Мистер Клабб улыбнулся мне самой беспощадной улыбкой из своего арсенала.
— Одной из причин, по которым человек не может добраться до телефона, является временная потеря памяти. Вы забыли, что мы проинформировали вас о том, что предварительный доклад состоится в одиннадцать.
Ровно в одиннадцать часов я позвонил, никто не ответил. Я подождал двадцать гудков, сэр, прежде чем оставить попытку. Если бы я прождал сто гудков, сэр, результат оказался бы тем же, по той причине, сэр, что вы решили довести себя до состояния, в котором не могли вспомнить даже собственного имени.
— Наглая ложь, — воскликнул я, а потом вспомнил. Он действительно упоминал что-то о докладе в одиннадцать часов, вероятнее всего, в это время я угощал «Собачье Дерьмо» своим исполнением «Старого Креста». Мое лицо покраснело. — Простите меня, — сказал я, — я ошибся, все было так, как вы говорите.
— Мужественное признание, сэр, но что касается прощения, так на то Божья воля, — сказал мистер Клабб. — Мы ваши слуги, и исполнение ваших желаний — наша святая обязанность.

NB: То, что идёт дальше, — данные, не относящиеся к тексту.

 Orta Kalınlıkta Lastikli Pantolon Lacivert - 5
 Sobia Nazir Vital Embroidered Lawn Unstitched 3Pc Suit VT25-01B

— Все просто, как дважды два, — сказал мистер Кафф, одаривая последний дюйм сигары любящим взглядом. Он уронил окурок на ковер и раздавил его ботинком. — Еда и питье для души и тела, сэр, — сказал он.
— Кстати говоря, — сказал мистер Клабб, — пожалуй, мы продолжим наш доклад в столовой, пора наброситься на деликатесы, которые заказал этот невиданный негодяй Рэгги Монкрифф.
До этого момента мне никогда не приходило в голову, что у моего дворецкого, как и у других людей, есть имя.
7
— Перед нами великая цель, — сказал мистер Клабб, вытаскивая изо рта жевательную резинку. — Мы бедные странники, вы, я и мистер Кафф, и еще молочник, только посмотрите на маленькую порцию прямо перед нами. Ее даже трудно сразу заметить. Конечно же, у нас нет ни шанса постичь ее. Но цель всегда есть, сэр: правда, которую я предоставляю вашему вниманию ради успокоения. Тост, мистер Кафф.
— Утешение — вещь искомая всеми частями человека, — провозгласил мистер Кафф, передавая своему партнеру поднос с тостами. — Самая известная часть — это его душа, которая кормится питательными бедами и неприятностями.
Меня усадили во главе стола, а по бокам расселись мистер Клабб и мистер Кафф. Подносы и тарелки перед нами ломились от еды, потому что мистер Монкрифф, обняв каждого фермера по очереди и побеседовав с ними, вынес из кухни пиршество, значительно превосходившее их запросы. Кроме нескольких дюжин яиц и, наверное, двух упаковок бекона, он выставил приготовленные на гриле почки, баранью печень, и бараньи отбивные, и полоски бифштекса, а еще чан овсянки и вязкого варева, которое он представил как «кеджери, как его представлял себе старый герцог».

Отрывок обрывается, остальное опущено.